__Input data__:
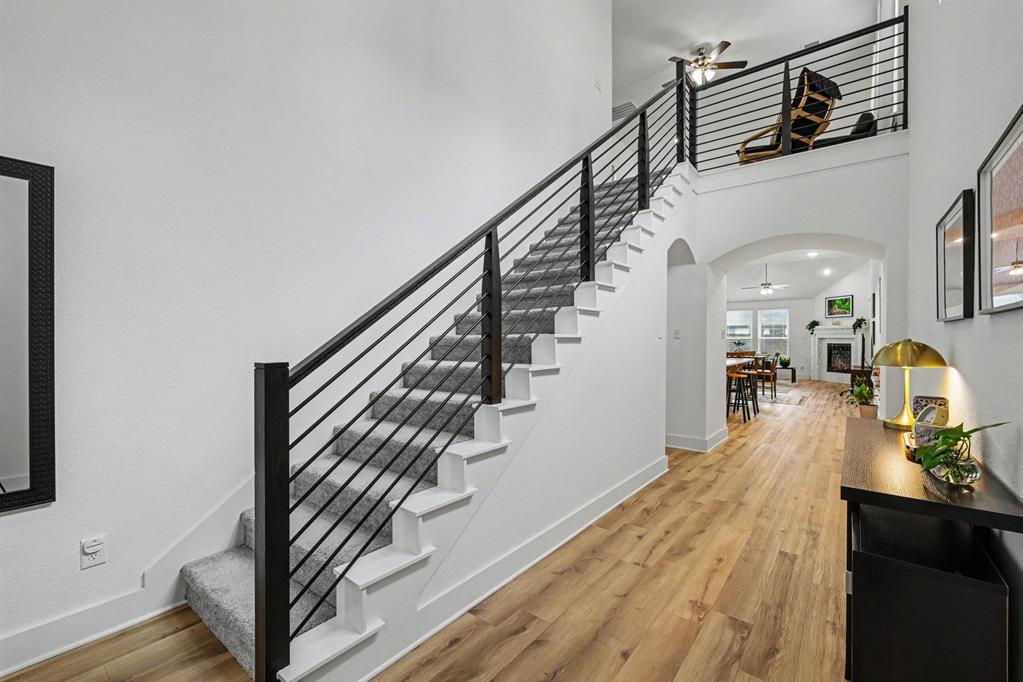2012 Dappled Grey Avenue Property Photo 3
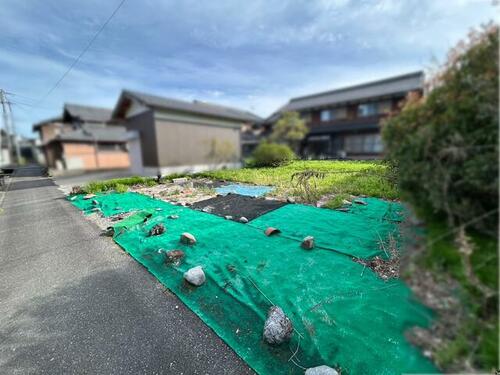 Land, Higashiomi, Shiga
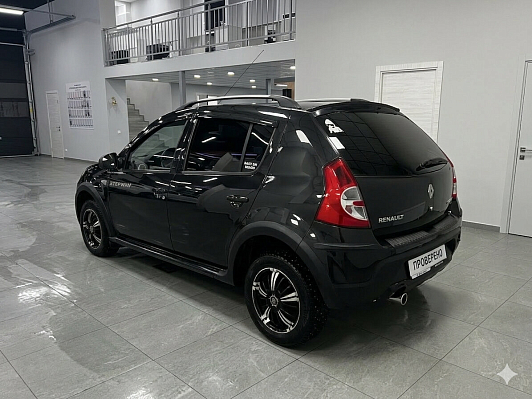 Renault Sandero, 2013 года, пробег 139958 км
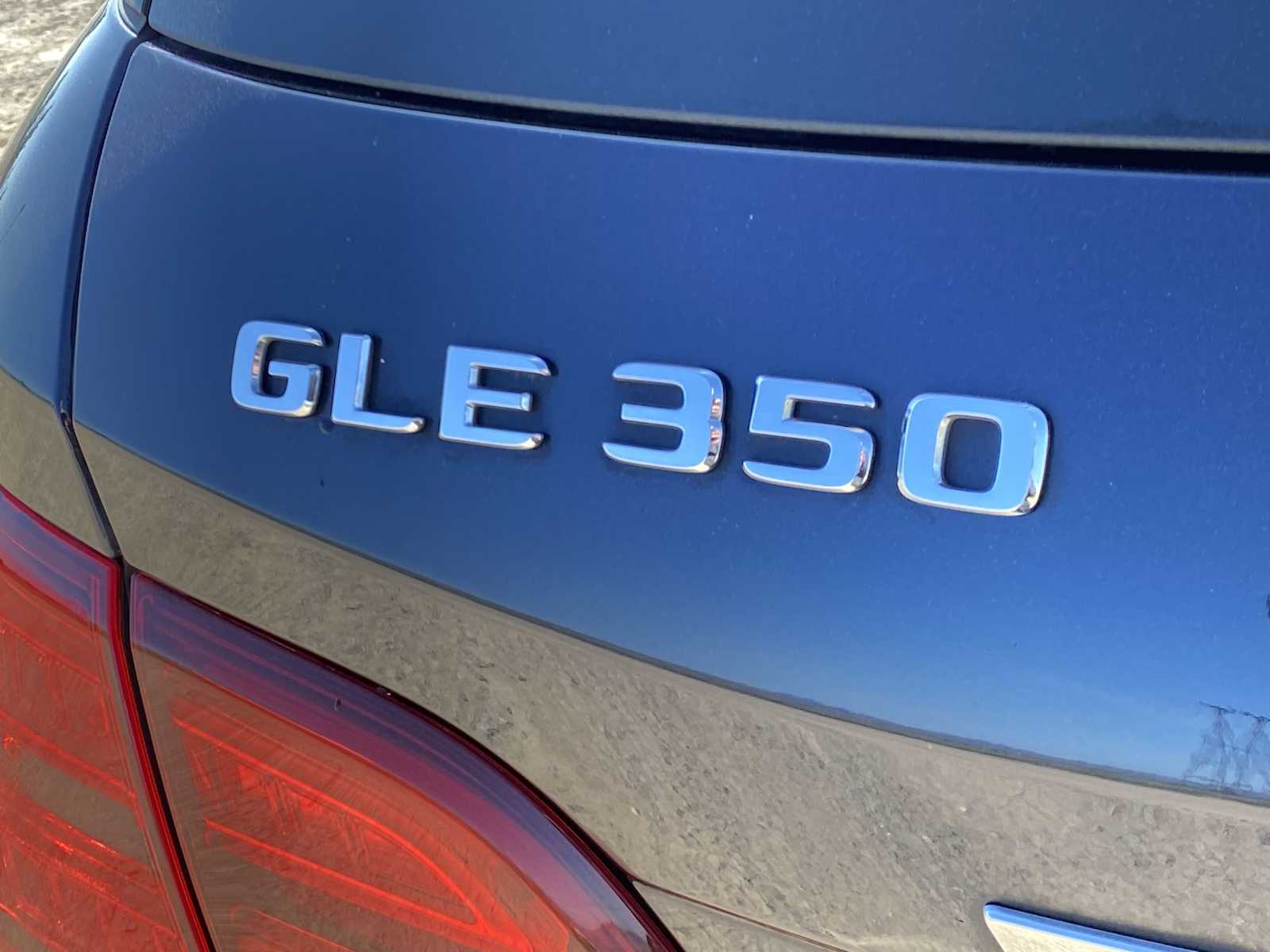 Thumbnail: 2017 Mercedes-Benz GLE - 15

==

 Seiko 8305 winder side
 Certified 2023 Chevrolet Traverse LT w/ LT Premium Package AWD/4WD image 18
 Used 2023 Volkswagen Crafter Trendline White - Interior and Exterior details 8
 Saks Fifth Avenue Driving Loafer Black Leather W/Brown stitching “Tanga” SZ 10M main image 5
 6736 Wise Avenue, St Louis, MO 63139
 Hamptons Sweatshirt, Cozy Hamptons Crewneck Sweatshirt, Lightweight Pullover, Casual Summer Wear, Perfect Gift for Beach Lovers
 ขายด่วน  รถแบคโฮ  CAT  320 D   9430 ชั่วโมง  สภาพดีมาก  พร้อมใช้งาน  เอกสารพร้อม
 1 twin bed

* * *

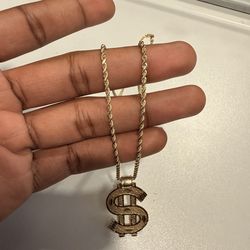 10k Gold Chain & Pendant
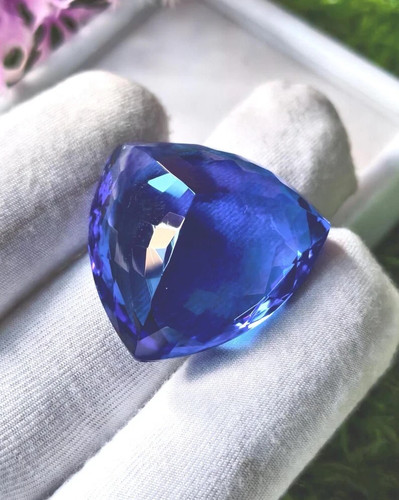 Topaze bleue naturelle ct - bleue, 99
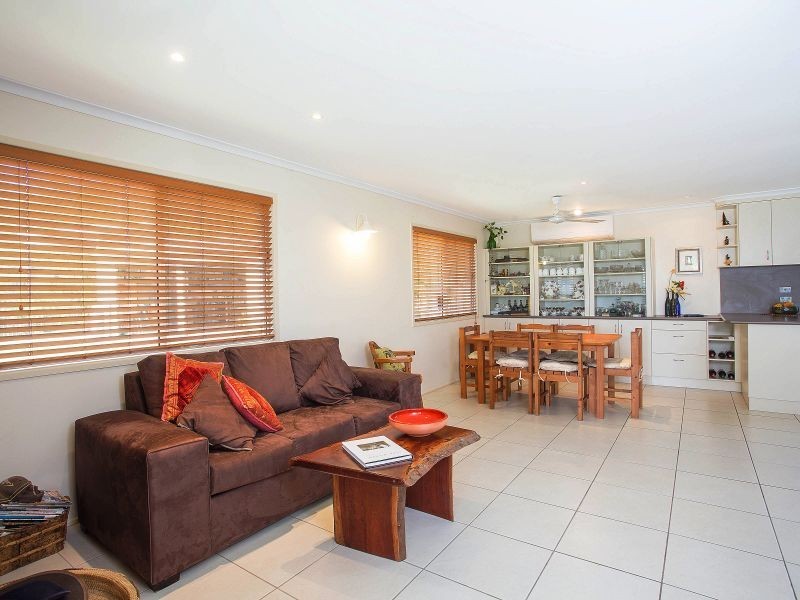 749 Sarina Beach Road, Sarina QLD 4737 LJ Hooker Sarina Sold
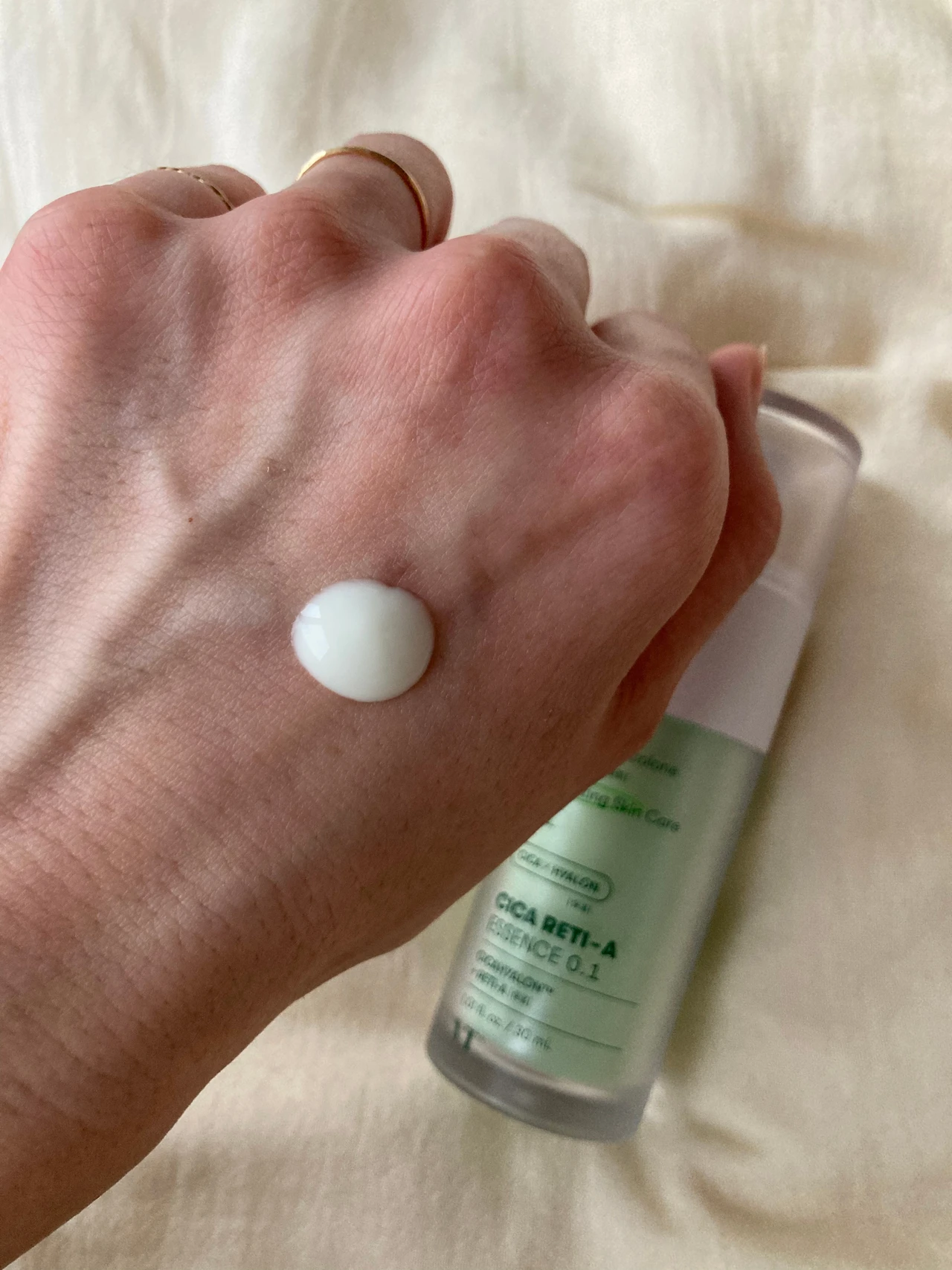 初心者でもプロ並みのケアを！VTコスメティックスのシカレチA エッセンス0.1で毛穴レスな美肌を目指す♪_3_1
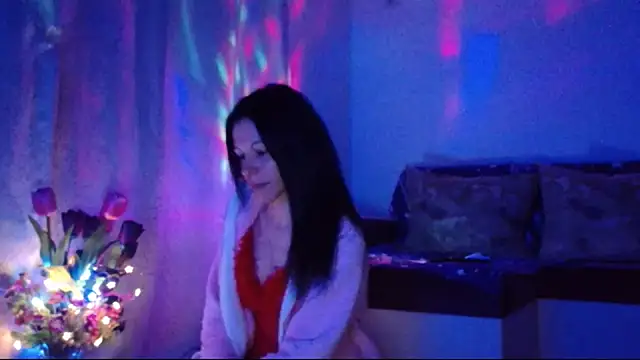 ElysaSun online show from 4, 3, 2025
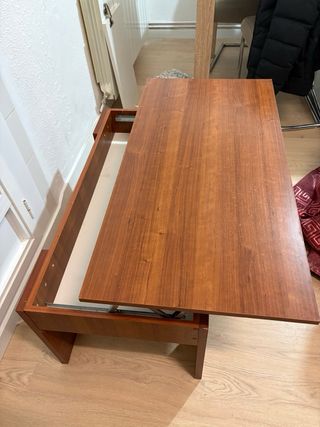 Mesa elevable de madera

__Required action__: Your output should be the lines above from the one that contains "2012 Dappled Grey Avenue Property Photo 3" through the one that contains "Thumbnail: 2017 Mercedes-Benz GLE - 15", word for word, with pictures left out.

__Written reply__:
2012 Dappled Grey Avenue Property Photo 3
 Land, Higashiomi, Shiga
 Renault Sandero, 2013 года, пробег 139958 км
 Thumbnail: 2017 Mercedes-Benz GLE - 15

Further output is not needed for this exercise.